PROBLEM: All that is wanted is a word-for-word copy of the data from its first line to the line containing "Junges Zell Am Hostel *", both included.

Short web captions
▬▬▬

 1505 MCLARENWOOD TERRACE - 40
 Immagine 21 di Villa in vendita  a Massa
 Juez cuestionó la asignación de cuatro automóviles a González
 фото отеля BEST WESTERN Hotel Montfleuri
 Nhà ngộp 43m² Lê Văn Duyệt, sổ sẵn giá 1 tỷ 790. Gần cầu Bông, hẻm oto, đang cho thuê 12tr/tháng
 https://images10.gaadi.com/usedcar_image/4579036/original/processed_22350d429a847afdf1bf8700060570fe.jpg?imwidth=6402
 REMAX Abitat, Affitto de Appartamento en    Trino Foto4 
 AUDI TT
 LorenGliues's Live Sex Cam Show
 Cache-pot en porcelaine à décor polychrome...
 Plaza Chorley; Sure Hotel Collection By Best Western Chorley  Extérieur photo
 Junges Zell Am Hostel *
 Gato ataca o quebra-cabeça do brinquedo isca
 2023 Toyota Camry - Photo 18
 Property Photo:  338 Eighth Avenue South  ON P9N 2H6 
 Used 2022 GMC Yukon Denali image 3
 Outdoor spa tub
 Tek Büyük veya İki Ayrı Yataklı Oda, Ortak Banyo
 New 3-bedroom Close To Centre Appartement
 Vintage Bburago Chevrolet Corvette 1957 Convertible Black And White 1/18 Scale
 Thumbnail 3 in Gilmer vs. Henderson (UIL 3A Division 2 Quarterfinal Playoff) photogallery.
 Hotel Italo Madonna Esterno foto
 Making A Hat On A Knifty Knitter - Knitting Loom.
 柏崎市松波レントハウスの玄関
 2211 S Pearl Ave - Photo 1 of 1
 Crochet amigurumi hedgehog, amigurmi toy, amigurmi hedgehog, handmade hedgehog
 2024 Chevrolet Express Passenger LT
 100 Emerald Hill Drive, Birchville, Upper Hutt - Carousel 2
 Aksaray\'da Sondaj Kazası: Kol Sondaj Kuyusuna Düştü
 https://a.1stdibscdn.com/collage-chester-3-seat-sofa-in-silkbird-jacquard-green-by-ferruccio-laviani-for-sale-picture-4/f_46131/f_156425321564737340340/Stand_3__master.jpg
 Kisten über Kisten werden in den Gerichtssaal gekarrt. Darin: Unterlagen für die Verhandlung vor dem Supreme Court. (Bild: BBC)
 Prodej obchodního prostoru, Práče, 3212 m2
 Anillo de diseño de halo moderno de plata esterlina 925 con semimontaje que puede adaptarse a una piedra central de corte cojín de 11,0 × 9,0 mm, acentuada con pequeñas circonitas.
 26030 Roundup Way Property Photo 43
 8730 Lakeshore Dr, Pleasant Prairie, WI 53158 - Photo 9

▬▬▬

ANSWER AREA:
 1505 MCLARENWOOD TERRACE - 40
 Immagine 21 di Villa in vendita  a Massa
 Juez cuestionó la asignación de cuatro automóviles a González
 фото отеля BEST WESTERN Hotel Montfleuri
 Nhà ngộp 43m² Lê Văn Duyệt, sổ sẵn giá 1 tỷ 790. Gần cầu Bông, hẻm oto, đang cho thuê 12tr/tháng
 https://images10.gaadi.com/usedcar_image/4579036/original/processed_22350d429a847afdf1bf8700060570fe.jpg?imwidth=6402
 REMAX Abitat, Affitto de Appartamento en    Trino Foto4 
 AUDI TT
 LorenGliues's Live Sex Cam Show
 Cache-pot en porcelaine à décor polychrome...
 Plaza Chorley; Sure Hotel Collection By Best Western Chorley  Extérieur photo
 Junges Zell Am Hostel *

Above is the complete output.